[[ Provided entries, beginning ]]
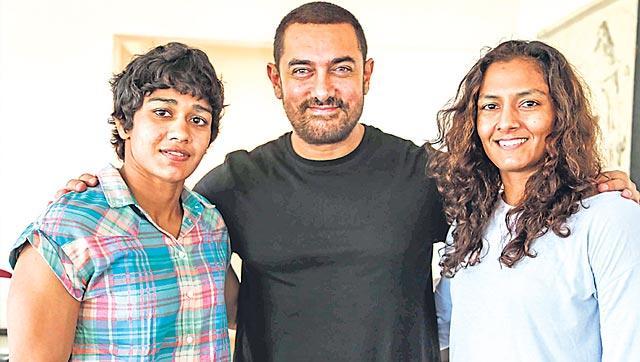 Aamir Khan (centre) with Babita (left) and Geeta Phoghat (right). (Getty Images)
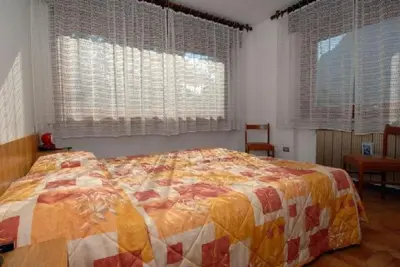 a bedroom with a bed with a quilt on it at CASA PINUCCIA APPARTAMENTO OVEST in Predazzo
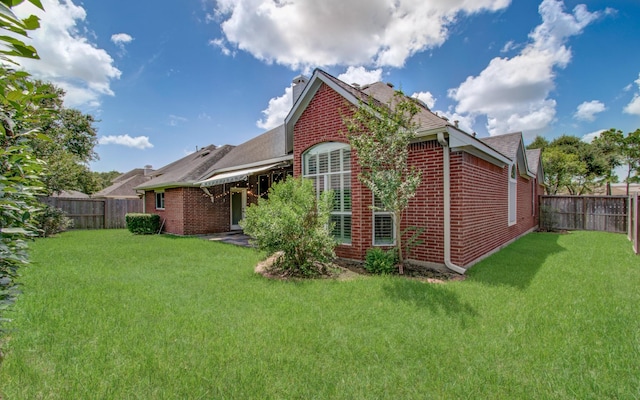 rear view of property with brick siding, a lawn, and a fenced backyard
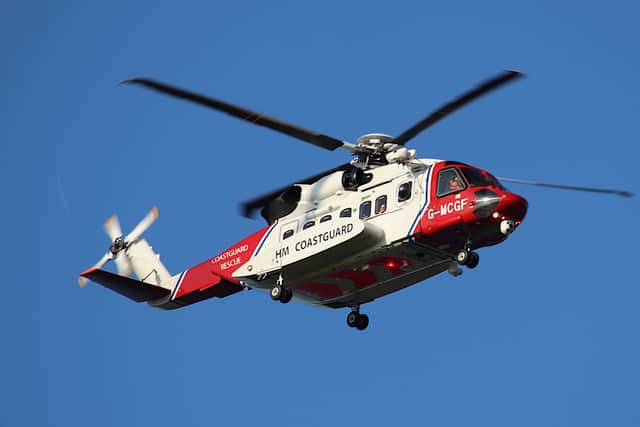 A laser was allegedly shone at an HM Coastguard search and rescue helicopter.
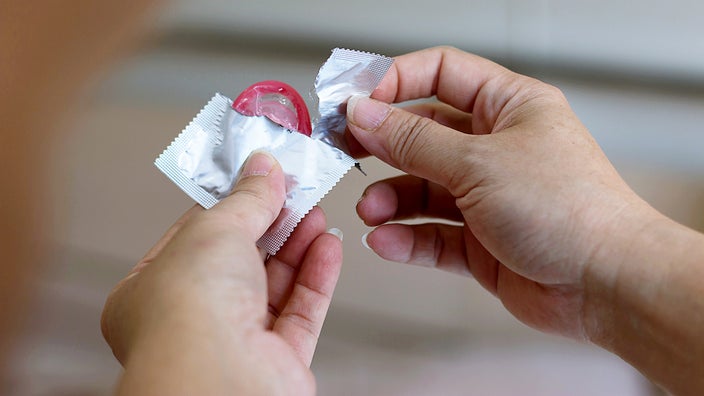Hands tearing and holding a condom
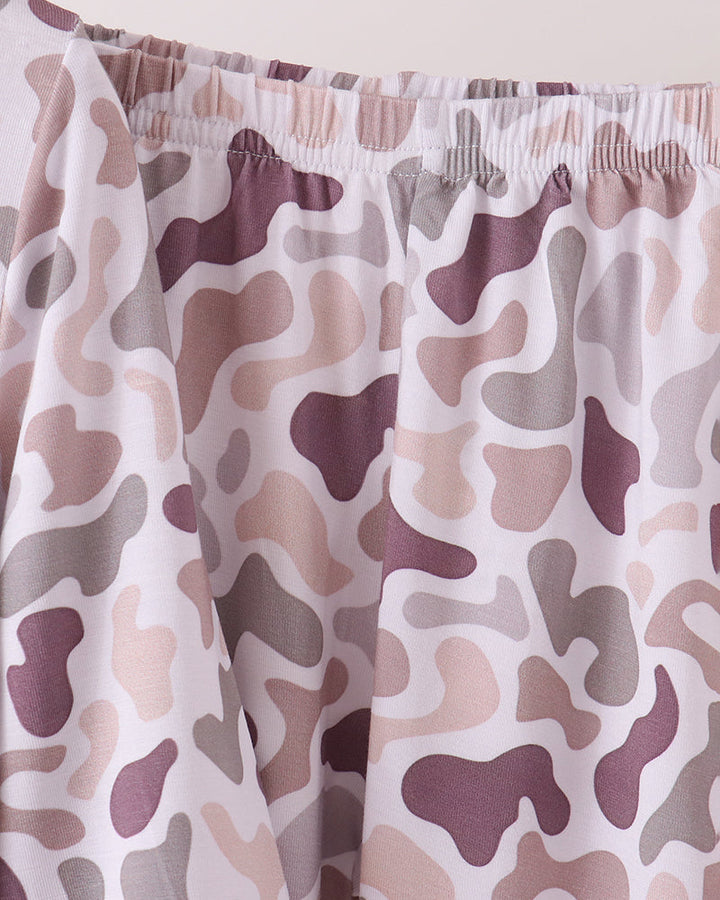 Close-up of a pair of PJ bottoms with an elastic waistband, featuring a camouflage pattern in dusty purple, beige, and gray on a white base.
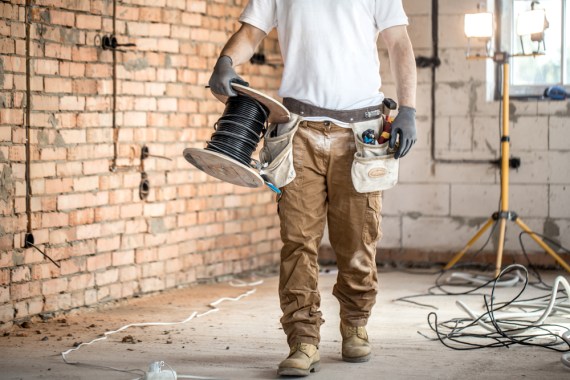 A man carrying the roll of wire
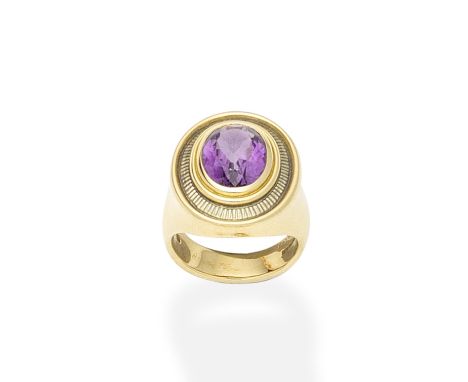 An enamel and amethyst ring, by De Vroomen, 1996The oval-cut amethyst within a grey guilloché enamel surround, in an 18 carat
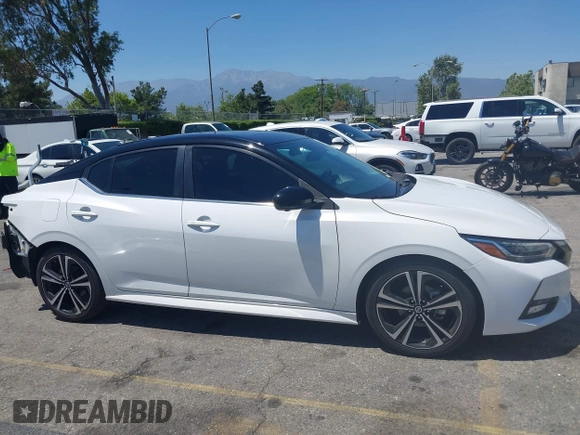 2021 Nissan Sentra SR z VIN 3N1AB8DV0MY245835, wystawiony jako IAAI lot #42320378 z przebiegiem 100 949 mil mil oraz . Historia ofert i sprzedaży dostępna na DreamBid. Obrazek 14.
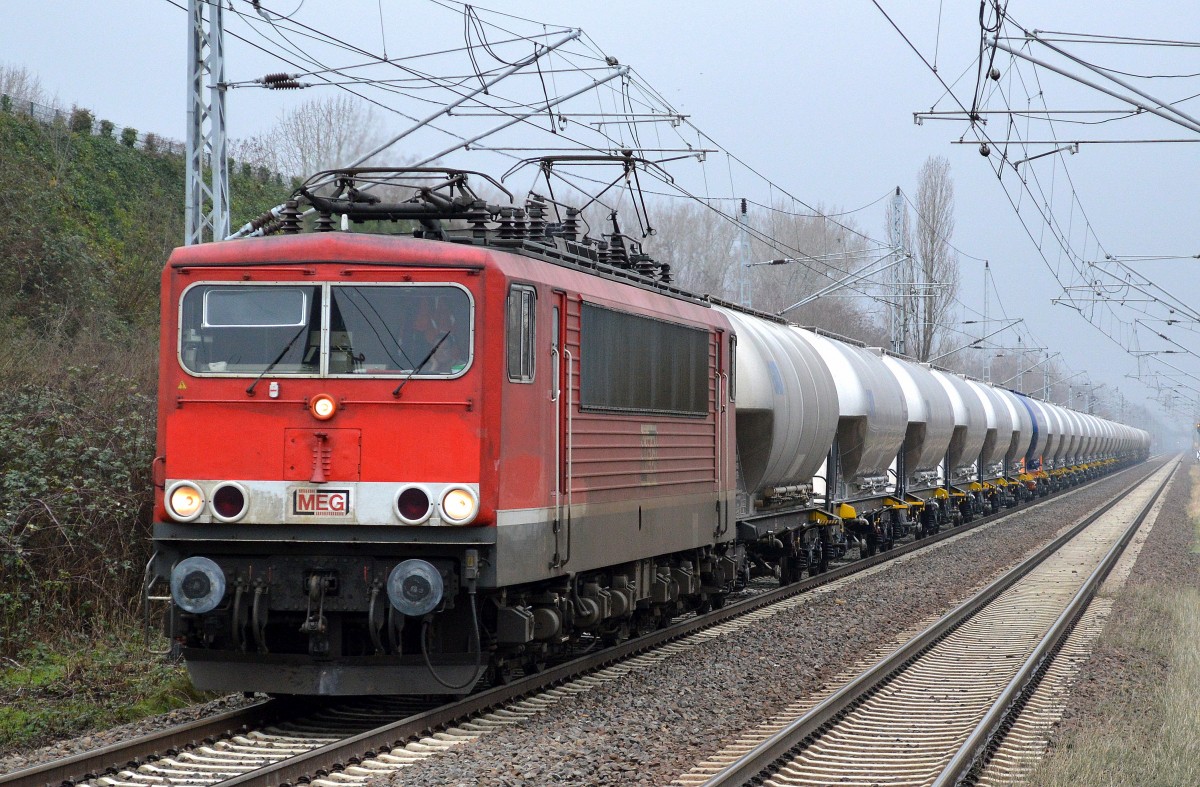 MEG 701 (155 124-1) mit Leerzug Zementstaubwagen Richtung Industrieübergabegebiet Berlin Nordost am 21.01.15 Berlin-Hohenschönhausen.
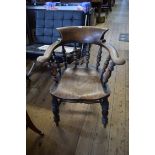 A pair of Victorian beech, ash and elm smoker's bow armchairs.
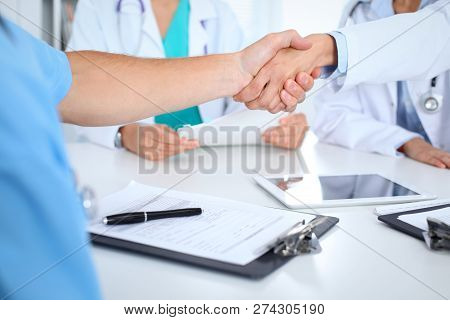 Two Doctors Shaking Hands To Each Other At Meeting. Teamwork And Agreement In Medicine
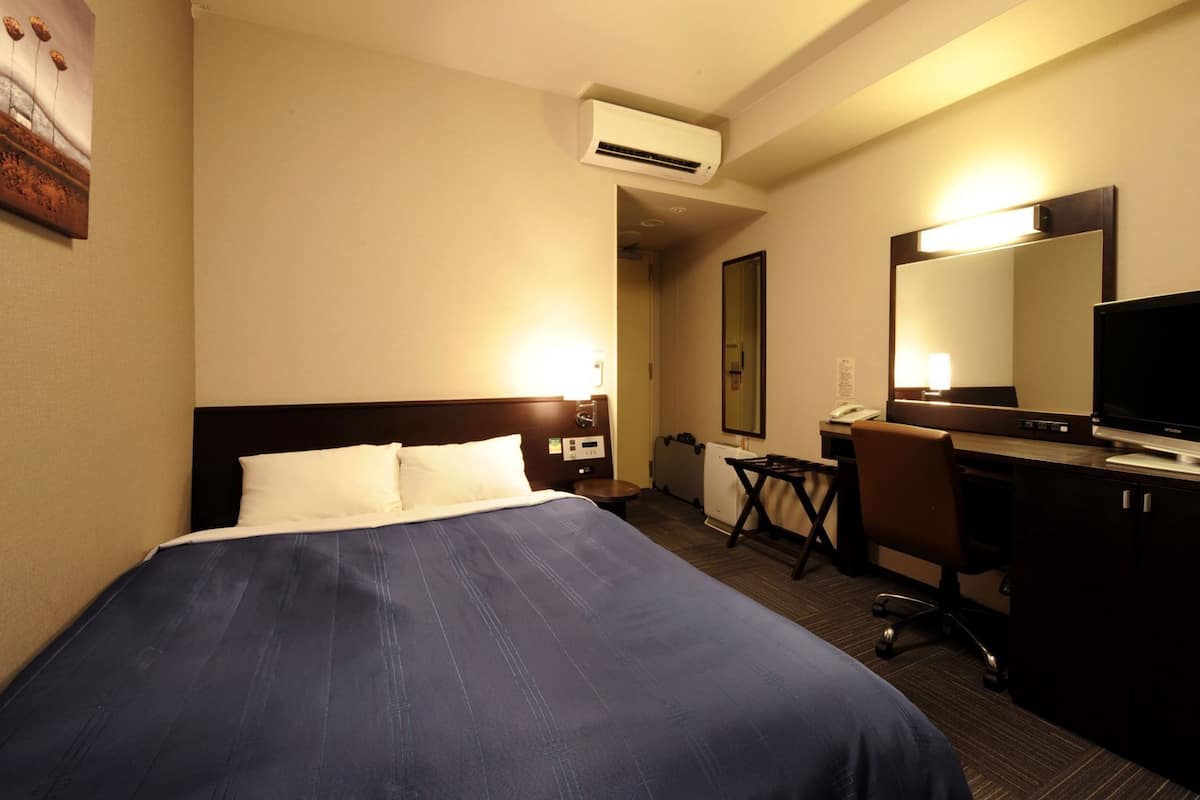 A hotel room with a bed, desk, chair, and a large mirror.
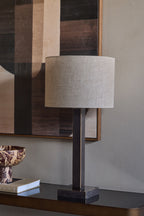 Rectangular stem table lamp on a dark console beneath abstract artwork, beside stacked books and a marbled decorative bowl.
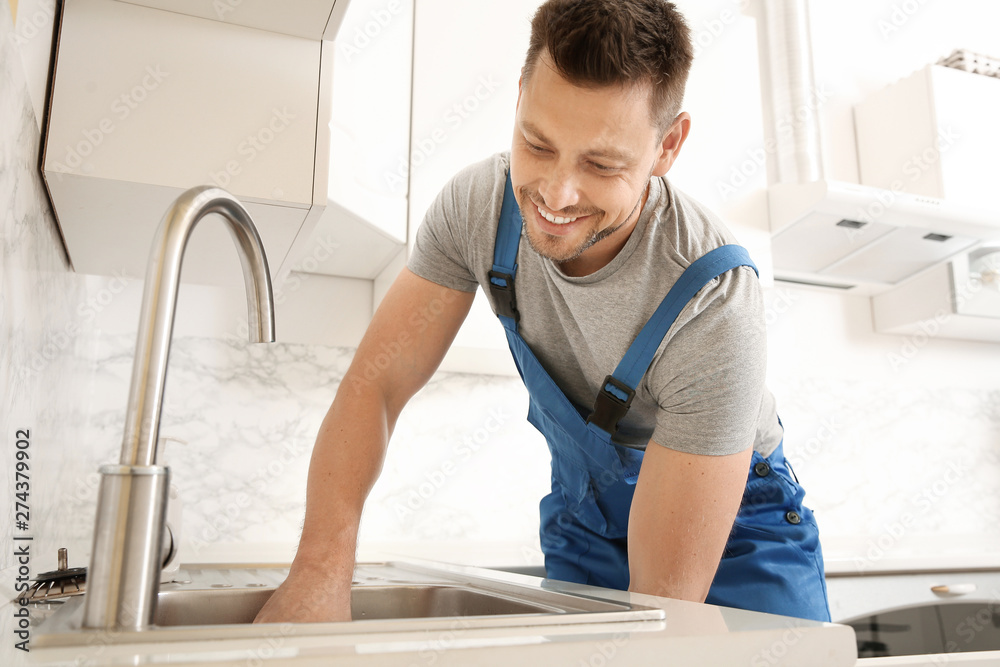 Plumber installing sink in kitchen Plumber installing sink in kitchen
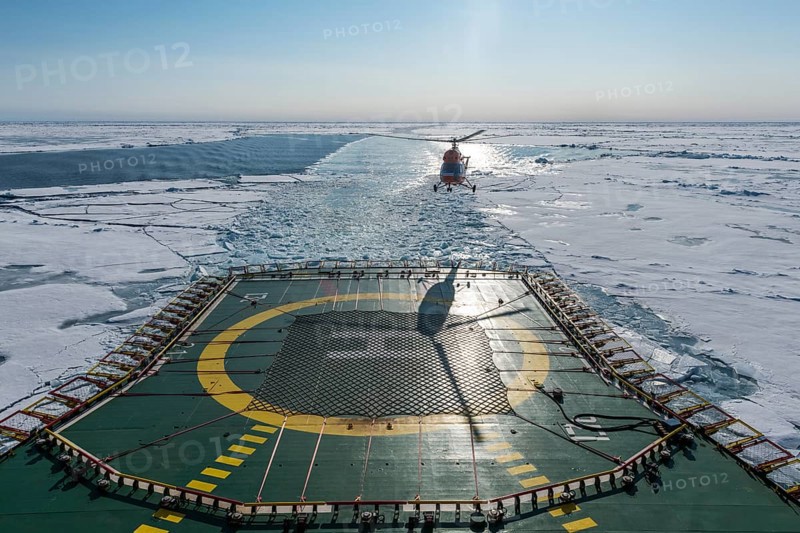 Helicopter on the Helipad of the Icebreaker '50 years of victory' on its way to the North Pole breaking through the ice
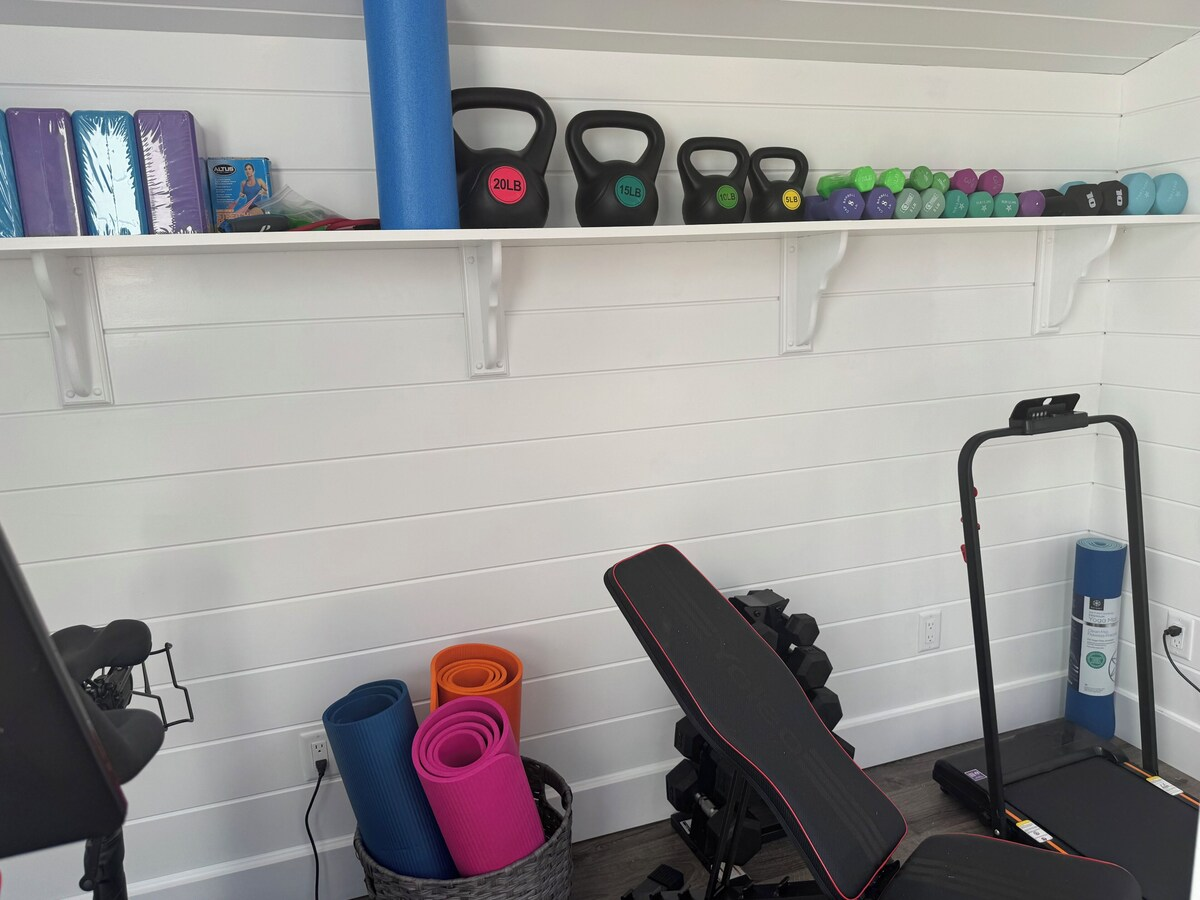 The gym: a long white shiplap wall under a vaulted ceiling with a shelf of kettlebells and neoprene dumbbells above, an adjustable bench and dumbbell rack, a folding treadmill in the corner, a Peloton bike at the edge of frame, and rolled yoga mats in a basket on the floor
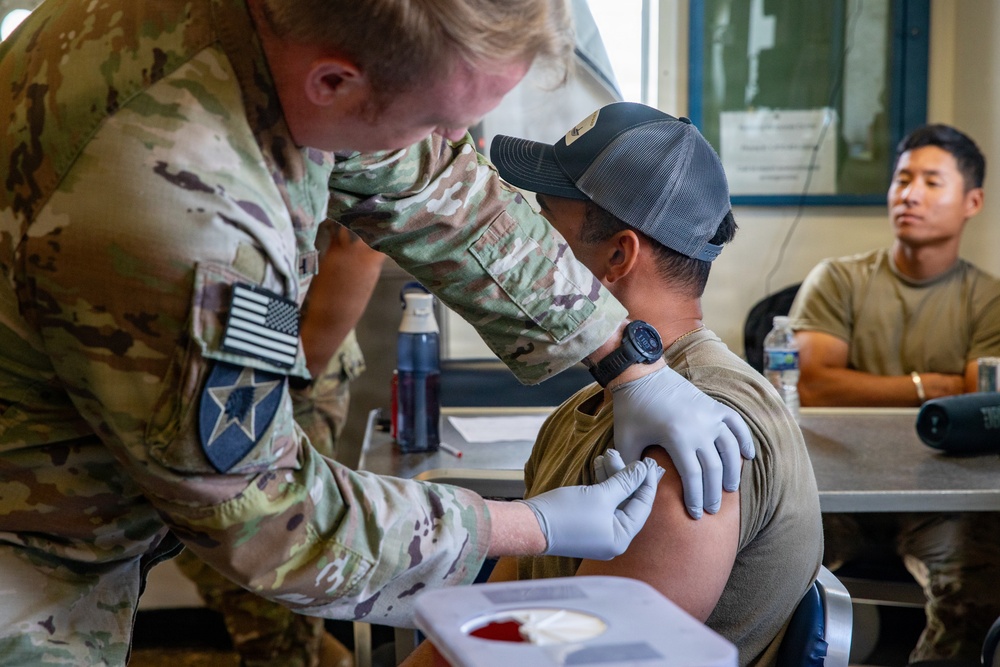 Combat medic specialist administers flu vaccinations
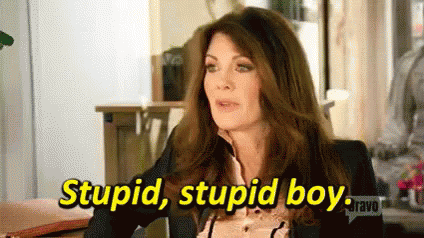 A Woman In A Suit Is Sitting At A Table And Says `` Stupid , Stupid Boy . '' GIF
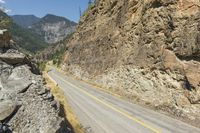 a narrow, curvy mountain road is surrounded by large rocks on either side of the road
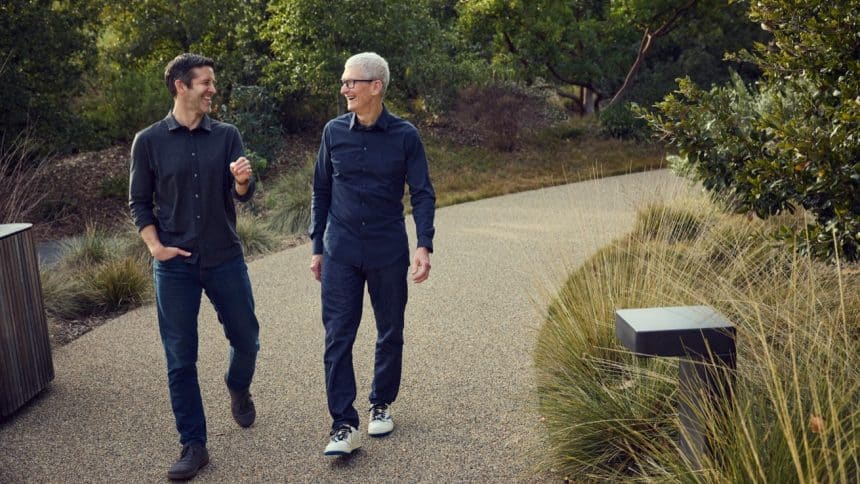 Two men walking and talking outdoors on a landscaped path.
[[ Provided entries, end ]]
#### Work order
Repeat the data word for word. Skip the pictures.

#### Expected answer
 Aamir Khan (centre) with Babita (left) and Geeta Phoghat (right). (Getty Images)
 a bedroom with a bed with a quilt on it at CASA PINUCCIA APPARTAMENTO OVEST in Predazzo
 rear view of property with brick siding, a lawn, and a fenced backyard
 A laser was allegedly shone at an HM Coastguard search and rescue helicopter.
Hands tearing and holding a condom
 Close-up of a pair of PJ bottoms with an elastic waistband, featuring a camouflage pattern in dusty purple, beige, and gray on a white base.
 A man carrying the roll of wire
 An enamel and amethyst ring, by De Vroomen, 1996The oval-cut amethyst within a grey guilloché enamel surround, in an 18 carat
 2021 Nissan Sentra SR z VIN 3N1AB8DV0MY245835, wystawiony jako IAAI lot #42320378 z przebiegiem 100 949 mil mil oraz . Historia ofert i sprzedaży dostępna na DreamBid. Obrazek 14.
 MEG 701 (155 124-1) mit Leerzug Zementstaubwagen Richtung Industrieübergabegebiet Berlin Nordost am 21.01.15 Berlin-Hohenschönhausen.
 A pair of Victorian beech, ash and elm smoker's bow armchairs.
 Two Doctors Shaking Hands To Each Other At Meeting. Teamwork And Agreement In Medicine
 A hotel room with a bed, desk, chair, and a large mirror.
 Rectangular stem table lamp on a dark console beneath abstract artwork, beside stacked books and a marbled decorative bowl.
 Plumber installing sink in kitchen Plumber installing sink in kitchen
 Helicopter on the Helipad of the Icebreaker '50 years of victory' on its way to the North Pole breaking through the ice
 The gym: a long white shiplap wall under a vaulted ceiling with a shelf of kettlebells and neoprene dumbbells above, an adjustable bench and dumbbell rack, a folding treadmill in the corner, a Peloton bike at the edge of frame, and rolled yoga mats in a basket on the floor
 Combat medic specialist administers flu vaccinations
 A Woman In A Suit Is Sitting At A Table And Says `` Stupid , Stupid Boy . '' GIF
 a narrow, curvy mountain road is surrounded by large rocks on either side of the road
 Two men walking and talking outdoors on a landscaped path.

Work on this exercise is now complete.